Thousands greet returning Rainsy

In the midst of a spiraling political crisis, opposition leader Sam Rainsy made a dramatic return to Cambodia on Saturday, calling for the immediate release of jailed CNRP lawmakers-elect in front of a crowd of thousands at the airport.

With seven of their leaders now sitting in Prey Sar prison, as many as 20,000 Cambodia National Rescue Party supporters turned out to accompany Rainsy on his journey from Pochentong into the capital.

The day marked one year since Rainsy was greeted by an estimated 100,000 as he returned from almost four years of self-imposed exile shortly before last year's election.

Initially planning to march to Wat Phnom, where scores of riot police were stationed at nearby Freedom Park, the party changed tack at the last minute, instead going to its Meanchey district headquarters.

There, Rainsy promised broad talks aimed at ending the nearly yearlong political stalemate.
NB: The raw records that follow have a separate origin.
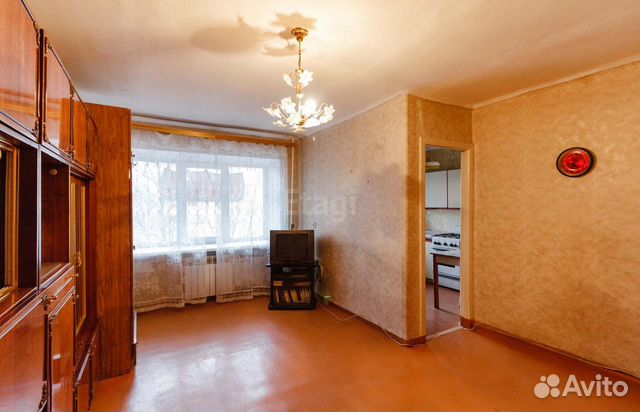 1-к квартира, 31 м², 2/5 эт.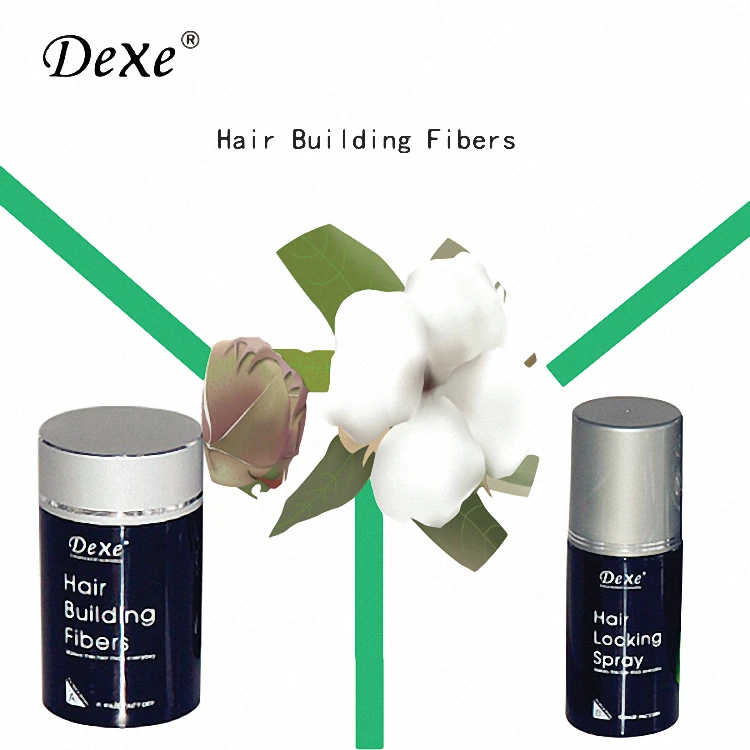 22g Concealer Hair Building Fiber Spray Thinning Treatment Keratin Refill Natural Styling Powder Instant Regrowth 10 Colors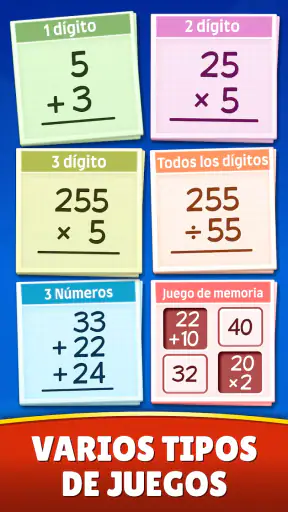 Matemáticas juegos: niños 5-12 screenshot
“I have come back to our country to solve the problem of the political deadlock. I am asking to have proper solution and we should start on Monday,” Rainsy told supporters.

Without calling him out by name, Rainsy hinted that talks should include Prime Minister Hun Sen, saying that only “one person” had the real power necessary to make a deal.

“There are only two solutions: first, is peaceful negotiations; second, is to fight. But we don't want to fight, we don't want our Khmer people's blood drained."

Seven lawmakers-elect, including senior party leaders Mu Sochua and Ho Vann, and a party activist face charges ranging from insurrection to incitement to violence related to a protest at Freedom Park on Tuesday

During the protest, several members of the notorious Daun Penh district security guards were severely beaten when CNRP supporters fought back against their advances.

Rights groups have decried the charges as baseless and called for the immediate release of the eight.

“Eyewitness accounts and video evidence from July 15 demonstrate that there is absolutely no evidence against the eight that could justify the charges,” Ath Sam Ath, technical coordinator for Licadho, said in a joint statement released by 24 local rights groups on Thursday.

CNRP deputy chief Kem Sokha is scheduled to appear at court for questioning on Friday.